Madeira is neither a small town nor a city. It’s small-town enough to be warm, but sophisticated enough to allow you to be yourself. Here, I am who I am. No one tries to reform me, to save me, or to mold me to what I am not.

The business section of the town was a fit from the first time I walked into my bank and my drug store. They are still my bank and my drug store. Not only do the three pharmacists know my name and medical history, but they know my family and my occupation. They give me advice. I buy everything there, including office supplies. If they don’t have it, Rita will special order it for me, even to a special size of paper. Why would I ever go to the mall?

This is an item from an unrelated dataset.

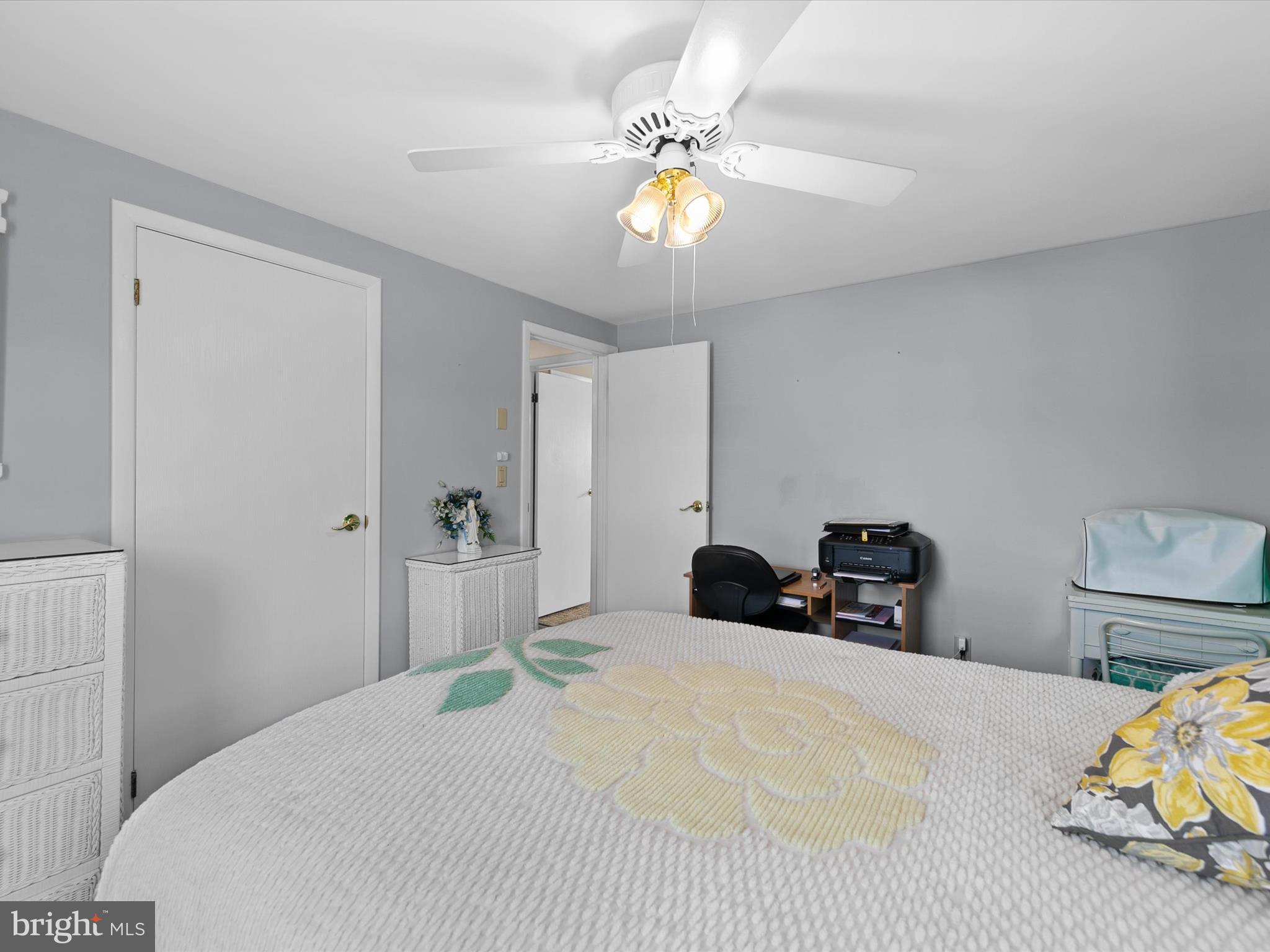 MARINERS COVE - Residential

It’s the same all over town – the library, City Hall, the convenience store, the flower and plant shop, the bookstore. I know these people. They know me, by first name.

I like first names. Hey, if it worked for Jackie, and it works fro Madonna, it can work for Regina. I love it when I walk down the main street and cars honk and people call out, “Hi, Regina!”

About a month ago, I thought about how deeply my roots and been grown into Madeira. By now, my roots must be sticking up in Madagascar, all the way through the earth.

Then something happened to prove exactly that. I was invited to be the guest speaker at the December meeting of the Madeira Historical Society.

I didn’t worry about my “speech.” It would be a core group of members, I thought, people I knew. I’d just wing it and give my best Elizabeth Dole impression.

When I arrived at Ferrari’s, for the dinner meeting, I discovered two party rooms reserved for it, really nice atmosphere, and they were already filling up. And not just with members of the society. There were many people I didn’t expect to be there – Sherry Mattes from City Council, and Mary Rozic, past school board president, influential and long-admired. When Madeira’s mayor, Mel Martin and his wife, Dorcey, walked in, I started to wish I had prepared more for my talk.

But I had little time to be nervous.  They seated me at a head table with Doug Oppenheimer, president of the historical society, and his wife Ann, along with Dr. Les LeFever, and Bob and Karen Hadden.  The food was delicious and the company exhilarating.  I was flattered that place cards with a bio of me were at all the place settings.

My talk was made easier because the vice-president of the historical society, Bob Miller and his wife, Mimi, had brought their two children, Sara, who wants to be a writer, is in the sixth-grade, and Robby in the second.  Looking at their faces, paying attention, I felt I was back in the classroom, doing my thing.

After my talk, I made my way back to my table, expecting that we’d all go home.

Instead, people gathered, cameras flashed, and I felt zapped back onto the old TVshow,  “This is your life.”

Doug Oppenheimer presented to me a beautiful lead crystal vase, from the historical society.  Then Mel Martin read a proclamation to me, making it officially “Regina Villiers Day.”  It had seven “whereases,” and he explained he had never before written one with more than five.

The whole thing had been planned as a surprise party for me.  All these wonderful people, on a winter’s night, had come out for me, and had paid money to do it.

And then it hit me.  These were my people. And finally, this was my town.  The enormity of the thought sent me home too excited to sleep.

So thank you, Doug Oppenheimer, Bob Miller, Mel Martin, Sherry Mattes, Mary Rozic, and all the people you represent – all the people in Madeira.

You have given me what I always wanted and never had – a home town “where everyone knows my name.”

And I have photocopied my proclamation, with all seven “whereases,” and sent copies to my kids, demanding more respect from them.